Zitat von zettelmeyer.freelancer
Da sagt einer was er und alle anderen Politiker denken (macht ja sonst keiner) aber die Bevölkerung ist entsetzt. Dabei ist es aus meiner Sicht doch am vernünftigsten mit einem Politiker zu tun zu haben der eben vorher sagt was er denkt oder meint. Denn das seine Berufskollegen das gleiche denken beweisen sie doch seit Jahrzehnten NACH jeder Wahl. Vielleicht sollten die Bürger es einfach mal mit jemanden versuchten der ihnen kein Manna vom Himmel verspricht um dann nach der Wahl zu sagen "ist unfair uns an den Wahlversprechen zu messen". Die gesamte Regierungscrew hängt an den Töpfen irgendwelcher Interessenvertretungen und veranstaltet auch mal ein Geburtstagsfest für ihre Gönner (auf Staatskosten). Das will das Wahlvolk dann nicht vorher gewusst haben, schließlich haben die davon vorher nichts gesagt. Dann wählt doch mal einen der vorher sagt was er ist statt hinterher überrascht zu tun wenn die hl. Angela ihrem Ackermann mal wieder was gutes tut. Prost Neujahr
Na ja, mein erster Post kommt nicht durch, warum weiß ich nicht ist er doch sachlich. Ich finde so wie sie das sehen ist das nur ein Teil der Medaille. Natürlich darf man über die Besoldung reden, allerdings muss er dann auch erwähnen das da noch etliche Dinge geschenkt dazu kommen. Fahrbereitschaft, Flugbereitschaft, Personenschutz, Bürozulage, Kanzlerwhonung, Abhörsicherheit etc. Dieser Posten verursacht jede Menge Kosten. Und enthält auch etliche Annehmlichkeiten Gratis oben drauf, die ich einem Kanzler gönne.

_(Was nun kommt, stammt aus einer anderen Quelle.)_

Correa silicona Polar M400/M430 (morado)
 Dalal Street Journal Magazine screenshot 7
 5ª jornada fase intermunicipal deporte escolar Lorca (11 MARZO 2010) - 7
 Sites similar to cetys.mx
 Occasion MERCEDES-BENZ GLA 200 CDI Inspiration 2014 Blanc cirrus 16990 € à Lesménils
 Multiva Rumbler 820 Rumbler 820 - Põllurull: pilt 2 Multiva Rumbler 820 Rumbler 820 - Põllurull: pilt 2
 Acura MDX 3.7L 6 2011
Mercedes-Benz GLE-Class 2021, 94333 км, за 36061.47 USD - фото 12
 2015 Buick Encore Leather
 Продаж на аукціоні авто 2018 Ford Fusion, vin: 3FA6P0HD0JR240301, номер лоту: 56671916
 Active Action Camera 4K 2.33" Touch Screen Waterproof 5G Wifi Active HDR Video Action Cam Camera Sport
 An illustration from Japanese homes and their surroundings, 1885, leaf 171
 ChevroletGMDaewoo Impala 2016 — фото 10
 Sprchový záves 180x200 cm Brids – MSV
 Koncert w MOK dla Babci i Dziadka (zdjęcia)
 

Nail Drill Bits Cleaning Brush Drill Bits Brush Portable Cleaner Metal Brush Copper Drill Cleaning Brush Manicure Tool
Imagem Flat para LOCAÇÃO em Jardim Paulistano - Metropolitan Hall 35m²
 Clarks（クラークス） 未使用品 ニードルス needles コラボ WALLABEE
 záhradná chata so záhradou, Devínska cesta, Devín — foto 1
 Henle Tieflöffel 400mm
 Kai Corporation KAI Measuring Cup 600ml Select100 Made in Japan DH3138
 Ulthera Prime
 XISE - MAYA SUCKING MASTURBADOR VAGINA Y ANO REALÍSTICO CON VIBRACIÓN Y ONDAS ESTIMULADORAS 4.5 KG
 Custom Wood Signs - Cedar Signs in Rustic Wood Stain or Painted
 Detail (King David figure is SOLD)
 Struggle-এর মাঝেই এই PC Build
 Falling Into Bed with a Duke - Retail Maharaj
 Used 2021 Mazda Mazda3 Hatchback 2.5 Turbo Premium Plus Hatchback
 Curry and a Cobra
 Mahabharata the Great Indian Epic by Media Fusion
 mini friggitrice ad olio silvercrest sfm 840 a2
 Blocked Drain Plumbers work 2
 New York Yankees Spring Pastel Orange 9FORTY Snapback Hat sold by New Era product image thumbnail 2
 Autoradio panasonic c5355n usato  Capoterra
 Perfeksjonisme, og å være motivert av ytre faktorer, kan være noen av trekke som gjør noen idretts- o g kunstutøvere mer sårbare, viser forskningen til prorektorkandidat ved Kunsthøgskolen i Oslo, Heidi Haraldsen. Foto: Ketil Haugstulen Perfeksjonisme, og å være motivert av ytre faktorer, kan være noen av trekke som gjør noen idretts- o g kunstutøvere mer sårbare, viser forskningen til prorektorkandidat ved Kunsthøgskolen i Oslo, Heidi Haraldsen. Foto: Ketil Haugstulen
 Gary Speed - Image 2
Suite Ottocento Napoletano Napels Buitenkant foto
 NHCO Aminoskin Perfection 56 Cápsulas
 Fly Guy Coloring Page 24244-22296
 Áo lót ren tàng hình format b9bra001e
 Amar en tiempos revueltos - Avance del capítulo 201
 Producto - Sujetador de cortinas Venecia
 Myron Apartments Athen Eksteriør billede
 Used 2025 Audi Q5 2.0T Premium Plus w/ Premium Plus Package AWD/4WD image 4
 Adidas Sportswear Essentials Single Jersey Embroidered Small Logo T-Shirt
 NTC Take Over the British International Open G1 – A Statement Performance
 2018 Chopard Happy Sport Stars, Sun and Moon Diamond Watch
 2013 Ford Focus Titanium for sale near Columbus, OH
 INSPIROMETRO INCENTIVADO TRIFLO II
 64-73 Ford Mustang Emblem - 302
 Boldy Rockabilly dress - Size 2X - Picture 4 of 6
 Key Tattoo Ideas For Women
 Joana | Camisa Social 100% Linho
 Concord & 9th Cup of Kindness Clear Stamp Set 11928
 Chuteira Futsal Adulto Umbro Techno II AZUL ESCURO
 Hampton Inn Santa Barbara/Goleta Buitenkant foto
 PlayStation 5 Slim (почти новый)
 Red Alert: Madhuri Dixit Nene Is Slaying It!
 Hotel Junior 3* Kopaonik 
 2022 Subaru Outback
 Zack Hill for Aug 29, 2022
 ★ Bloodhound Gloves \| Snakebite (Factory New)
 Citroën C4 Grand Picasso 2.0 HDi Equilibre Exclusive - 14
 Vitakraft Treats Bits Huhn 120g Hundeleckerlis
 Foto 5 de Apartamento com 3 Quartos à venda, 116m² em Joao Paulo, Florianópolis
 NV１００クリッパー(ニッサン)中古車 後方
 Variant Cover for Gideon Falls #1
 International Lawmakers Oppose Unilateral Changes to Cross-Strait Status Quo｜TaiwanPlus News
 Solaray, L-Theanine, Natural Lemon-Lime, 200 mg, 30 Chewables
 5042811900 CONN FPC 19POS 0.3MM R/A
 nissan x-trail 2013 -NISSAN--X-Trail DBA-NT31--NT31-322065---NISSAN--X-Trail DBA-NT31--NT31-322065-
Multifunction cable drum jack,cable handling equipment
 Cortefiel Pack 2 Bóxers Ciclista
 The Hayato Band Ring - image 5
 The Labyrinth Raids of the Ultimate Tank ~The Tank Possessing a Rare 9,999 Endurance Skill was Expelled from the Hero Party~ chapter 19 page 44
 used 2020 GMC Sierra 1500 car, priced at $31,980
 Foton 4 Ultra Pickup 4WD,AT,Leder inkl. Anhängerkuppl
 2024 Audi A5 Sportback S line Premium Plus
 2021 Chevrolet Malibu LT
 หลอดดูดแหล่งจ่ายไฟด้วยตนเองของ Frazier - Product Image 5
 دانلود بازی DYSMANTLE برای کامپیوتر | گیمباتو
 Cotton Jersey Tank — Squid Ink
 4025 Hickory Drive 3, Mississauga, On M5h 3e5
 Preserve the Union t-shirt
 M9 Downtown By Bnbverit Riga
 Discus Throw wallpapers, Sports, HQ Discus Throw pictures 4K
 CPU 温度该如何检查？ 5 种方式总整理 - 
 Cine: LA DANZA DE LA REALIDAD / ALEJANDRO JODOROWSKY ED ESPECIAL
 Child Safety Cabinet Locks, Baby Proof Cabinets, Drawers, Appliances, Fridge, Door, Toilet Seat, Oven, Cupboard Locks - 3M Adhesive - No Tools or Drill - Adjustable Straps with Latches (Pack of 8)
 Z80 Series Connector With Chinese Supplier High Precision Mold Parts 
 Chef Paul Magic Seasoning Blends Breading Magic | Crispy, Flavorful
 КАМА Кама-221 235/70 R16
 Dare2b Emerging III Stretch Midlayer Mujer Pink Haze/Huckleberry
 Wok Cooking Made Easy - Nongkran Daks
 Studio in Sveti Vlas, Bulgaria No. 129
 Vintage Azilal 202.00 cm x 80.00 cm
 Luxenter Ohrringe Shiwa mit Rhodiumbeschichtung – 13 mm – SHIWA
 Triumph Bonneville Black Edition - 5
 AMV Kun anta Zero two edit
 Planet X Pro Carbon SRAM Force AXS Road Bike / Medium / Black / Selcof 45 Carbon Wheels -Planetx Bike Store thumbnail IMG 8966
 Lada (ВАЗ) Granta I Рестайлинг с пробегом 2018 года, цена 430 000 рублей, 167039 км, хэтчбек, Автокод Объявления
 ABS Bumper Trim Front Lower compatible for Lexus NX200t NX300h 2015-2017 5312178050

Aber es ist jetzt nicht die Zeit das Kanzlergehalt zu diskutieren, das tut Merkel ja schließlich auch nicht. Wir haben ganz andere Aufgaben, viel dringendere als das.

Sein Verhalten passt nicht zu seinen Predigten auf dem Parteitag. Was will die SPD mit einem solchen Kandidaten. Ich würde ihn spätestens jetzt auswechseln und komplett von vorne beginnen. Diese Wahl kann er nicht mehr gewinnen bis September. Er tritt von einem Fettnapf in den anderen und stellt unter Beweis das er Kanzler nicht kann.

Stellen wir uns vor so ein Verhalten passiert ihm als Kanzler im Ausland, so ein Poltergeist. Ich darf gar nicht dran denken was dann los ist.

Die SPD tut sich mit ihm einen Bärendienst.

Beitrag melden Antworten / Zitieren
Dosenpirat 29.12.2012, 16:45
38. Es ist eine Ehre

als Bundeskanzler dieses Land zu regieren. Wer viel Geld verdienen möchte sollte weiterhin Vorträge halten oder zu einer Bank gehen.. Der Mann ist ja unfähig und glaube der Wahlkampf ist hiermit bereits 10 Monate vorher beendet?

Beitrag melden Antworten / Zitieren
Körperklaus 29.12.2012, 16:47
39. optional

ich denke auch das er recht hat, aber vielleicht verdienen die Sparkassen-Leiter auch zu viel? Von Timing her, hat er einen Romney gemacht, den kleinsten Abstand zwischen zwei Fettnäpfchen. Merkel kann in ihrem Wahlkampf das machen was sie immer macht, nämlich nix, und Steinbrück macht sich selbst und damit die SPD schlecht. Die "beste Regierung" will ich so schnell wie möglich loswerden. Die Frage ist dann nur, wer soll uns dann regieren?